Tuesday, September 01, 2009

Dois “Portugais”? (Jornal "Registo" - 31/08)


Desde já a minha devida e indispensável “declaração de interesses”: para quem não saiba, sou militante do PSD e irei votar no projecto político do meu partido no próximo dia 27 de Setembro. Dito isto, não posso deixar de, com desprendimento emocional, me interrogar sobre os discursos e as “narrativas” políticas que temos ouvido nos últimos meses em Portugal.
Para o Governo PS, Portugal é hoje um país na crista da onda em termos de opções de futuro. É o país das tecnologias nas escolas, das energias renováveis, da administração pública online e do e-government, do Simplex, das Novas Oportunidades, das políticas sociais arrojadas, do TGV, dos carros eléctricos, enfim, um país num frenesim reformista que lhe garantirá o sucesso nas próximas gerações. Tudo isto é, naturalmente, louvável.
Do outro lado, temos, para a oposição, um retrato extremamente duro (e real) de um país com défices de educação e literacia tremendos, com uma justiça indescritível em termos de ineficiência e morosidade, um sistema de saúde que tarda em reorganizar-se para os níveis de serviço pretendidos, com uma economia pouco competitiva e com um endividamento externo brutal, que poderá comprometer o futuro das próximas gerações.
Em que ficamos?
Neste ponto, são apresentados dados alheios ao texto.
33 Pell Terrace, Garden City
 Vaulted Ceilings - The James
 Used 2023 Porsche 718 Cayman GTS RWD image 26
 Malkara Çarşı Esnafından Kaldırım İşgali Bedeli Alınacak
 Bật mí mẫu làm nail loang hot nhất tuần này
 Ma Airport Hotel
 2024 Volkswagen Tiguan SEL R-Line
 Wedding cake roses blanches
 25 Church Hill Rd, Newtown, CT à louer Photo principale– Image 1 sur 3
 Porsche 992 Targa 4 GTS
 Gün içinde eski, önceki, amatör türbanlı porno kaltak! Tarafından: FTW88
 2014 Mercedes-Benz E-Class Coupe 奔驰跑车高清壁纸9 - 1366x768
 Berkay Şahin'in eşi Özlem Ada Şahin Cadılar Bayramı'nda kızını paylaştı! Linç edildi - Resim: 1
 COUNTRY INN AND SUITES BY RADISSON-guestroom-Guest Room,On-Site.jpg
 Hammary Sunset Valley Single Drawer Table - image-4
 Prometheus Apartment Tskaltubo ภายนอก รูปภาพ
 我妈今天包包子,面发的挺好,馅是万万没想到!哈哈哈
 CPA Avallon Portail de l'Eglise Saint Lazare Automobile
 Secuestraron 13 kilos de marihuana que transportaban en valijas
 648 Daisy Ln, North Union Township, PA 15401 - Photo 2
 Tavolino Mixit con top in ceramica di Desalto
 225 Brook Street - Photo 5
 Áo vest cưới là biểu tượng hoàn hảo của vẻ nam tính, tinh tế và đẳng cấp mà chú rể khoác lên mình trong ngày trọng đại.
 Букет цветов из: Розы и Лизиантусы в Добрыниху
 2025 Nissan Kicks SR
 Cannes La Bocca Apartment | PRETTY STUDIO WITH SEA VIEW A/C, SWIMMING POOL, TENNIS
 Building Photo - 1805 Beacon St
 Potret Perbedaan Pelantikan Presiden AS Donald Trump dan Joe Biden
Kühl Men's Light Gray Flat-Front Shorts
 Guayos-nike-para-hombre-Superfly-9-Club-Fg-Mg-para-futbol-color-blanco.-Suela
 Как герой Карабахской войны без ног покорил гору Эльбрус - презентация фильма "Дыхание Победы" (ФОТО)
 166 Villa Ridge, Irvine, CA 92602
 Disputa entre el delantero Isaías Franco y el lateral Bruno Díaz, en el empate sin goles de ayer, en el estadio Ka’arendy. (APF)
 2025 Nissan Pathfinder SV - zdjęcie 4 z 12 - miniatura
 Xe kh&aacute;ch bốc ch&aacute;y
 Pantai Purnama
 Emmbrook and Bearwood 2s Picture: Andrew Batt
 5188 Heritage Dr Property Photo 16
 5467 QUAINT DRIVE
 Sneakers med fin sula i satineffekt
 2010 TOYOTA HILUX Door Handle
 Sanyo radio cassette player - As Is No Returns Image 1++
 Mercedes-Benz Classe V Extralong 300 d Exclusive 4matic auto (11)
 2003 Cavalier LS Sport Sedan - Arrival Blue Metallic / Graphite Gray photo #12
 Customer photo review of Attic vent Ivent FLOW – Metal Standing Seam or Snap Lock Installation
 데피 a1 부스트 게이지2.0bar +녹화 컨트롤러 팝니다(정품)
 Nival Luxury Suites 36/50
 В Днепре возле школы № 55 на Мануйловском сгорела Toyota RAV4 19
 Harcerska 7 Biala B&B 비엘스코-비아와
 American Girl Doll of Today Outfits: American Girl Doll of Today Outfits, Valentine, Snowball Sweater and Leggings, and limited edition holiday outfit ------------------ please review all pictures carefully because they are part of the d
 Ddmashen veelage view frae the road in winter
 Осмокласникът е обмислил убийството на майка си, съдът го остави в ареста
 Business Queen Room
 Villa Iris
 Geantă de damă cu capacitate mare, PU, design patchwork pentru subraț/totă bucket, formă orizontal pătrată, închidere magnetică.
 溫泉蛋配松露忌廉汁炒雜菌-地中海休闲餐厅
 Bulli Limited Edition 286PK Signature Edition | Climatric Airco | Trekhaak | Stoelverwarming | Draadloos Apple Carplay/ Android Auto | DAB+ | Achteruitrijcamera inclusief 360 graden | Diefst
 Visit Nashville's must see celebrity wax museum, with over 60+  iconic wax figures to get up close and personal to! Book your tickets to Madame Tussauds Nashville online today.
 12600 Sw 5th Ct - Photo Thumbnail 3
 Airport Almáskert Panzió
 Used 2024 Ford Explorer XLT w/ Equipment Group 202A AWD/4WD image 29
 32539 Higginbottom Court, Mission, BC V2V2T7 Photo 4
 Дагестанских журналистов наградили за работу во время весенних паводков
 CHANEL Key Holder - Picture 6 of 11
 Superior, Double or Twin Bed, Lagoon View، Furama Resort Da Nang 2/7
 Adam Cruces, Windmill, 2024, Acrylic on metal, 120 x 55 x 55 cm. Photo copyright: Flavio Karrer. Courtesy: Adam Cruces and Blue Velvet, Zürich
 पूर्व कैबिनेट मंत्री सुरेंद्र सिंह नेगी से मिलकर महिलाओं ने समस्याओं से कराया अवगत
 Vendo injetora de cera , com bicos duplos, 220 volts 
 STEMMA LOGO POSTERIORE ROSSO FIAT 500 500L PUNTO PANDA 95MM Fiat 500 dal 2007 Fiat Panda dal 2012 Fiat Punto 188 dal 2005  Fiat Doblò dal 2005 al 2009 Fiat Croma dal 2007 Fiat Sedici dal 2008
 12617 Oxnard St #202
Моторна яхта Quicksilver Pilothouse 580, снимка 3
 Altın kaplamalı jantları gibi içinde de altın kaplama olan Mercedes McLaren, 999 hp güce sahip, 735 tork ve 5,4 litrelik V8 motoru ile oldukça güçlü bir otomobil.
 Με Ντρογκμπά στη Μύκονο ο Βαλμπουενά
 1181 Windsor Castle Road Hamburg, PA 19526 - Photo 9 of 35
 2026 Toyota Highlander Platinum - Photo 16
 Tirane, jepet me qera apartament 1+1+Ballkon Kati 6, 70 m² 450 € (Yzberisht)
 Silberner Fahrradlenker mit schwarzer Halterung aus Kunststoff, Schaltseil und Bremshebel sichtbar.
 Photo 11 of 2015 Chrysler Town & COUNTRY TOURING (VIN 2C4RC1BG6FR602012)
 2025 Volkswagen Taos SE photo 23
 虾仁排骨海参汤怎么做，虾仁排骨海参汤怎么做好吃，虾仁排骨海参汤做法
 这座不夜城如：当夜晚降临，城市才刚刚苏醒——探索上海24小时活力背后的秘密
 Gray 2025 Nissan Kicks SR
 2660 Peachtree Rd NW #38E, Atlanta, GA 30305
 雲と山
O problema é simples: é que, por muito que custe e o Governo actual não admita, o “primeiro Portugal” que mencionei dificilmente tem dimensão e força para puxar pelo segundo. É uma gota de água! O primeiro é um Portugal levemente conjuntural, o segundo, infelizmente, é um Portugal fortemente estrutural.
Efectivamente, de pouco servirá à eficiência global da Administração Pública a abertura de “vias verdes” que, facilitando sem dúvida a vida aos cidadãos, mantêm intocável uma gigantesca máquina burocrática de entidades (institutos, direcções gerais e regionais, agências…) de utilidade duvidosa. Aqui, a verdadeira reforma, que tem de começar pela definição das funções do Estado e respectivos processos de suporte, continua por fazer, apesar das promessas do PRACE. Da mesma forma, de pouco valerão mais computadores no ensino que não for assegurada um novo modelo de gestão das escolas e da sua interacção com a comunidade envolvente. De pouco servirá apregoar a eficiência energética de alguns edifícios se o nosso património urbano se continuar a degradar com as leis de arrendamento arcaicas que temos. Ou pouco conforto nos darão alguns investimentos em sectores de ponta da economia (que são bem-vindos) quando o grosso do nosso tecido produtivo (PME´s) encontram contextos extremamente desfavoráveis para a sua competitividade e sobrevivência (ex. fiscalidade, legislação laboral, apenas para citar os mais evidentes).
Como tal, estas narrativas levam-nos a percepcionar dois “Portugais” mas sem um discurso claro e transparente que nos permita vislumbrar soluções. O caminho possível: começar por reformas nas questões estruturais mas também construir uma visão estratégica de futuro que inclua algumas das boas ideias deste Portugal emergente. Será que o “sectarismo” e o “fundamentalismo” que estão em voga na política portuguesa permitirão este discurso construtivo?

1 Comments:

At 12:25 AM, Blogger mmb said...

Portugais haverá sempre muitos e o Portugal que mais impede o nosso desenvolvimento é precisamente este de que o comentário é expressão: um Portugal pessimista e sempre resmungão, incapaz encarar o sucesso do vizinho ou do adversário político. Há cinco anos que vivo fora de Portugal e pasmo em observar a alegria que vos dá os pontos fracos do governo que são também, para quem está no estrangeiro os fracos de Portugal, (pois o governo português também é Portugal). Jesus Christ, olhem para o país de deixem-se de política partidária. Nunca anteriormente houve um governo que tivesse feito tanto pela Ciencia, Tecnologia e Inovação em Portugal. Não fosse isso, e V.Exa apenas teria "Um Portugal" para falar: o do atraso, do imobilismo e dos "velhos do Restelo".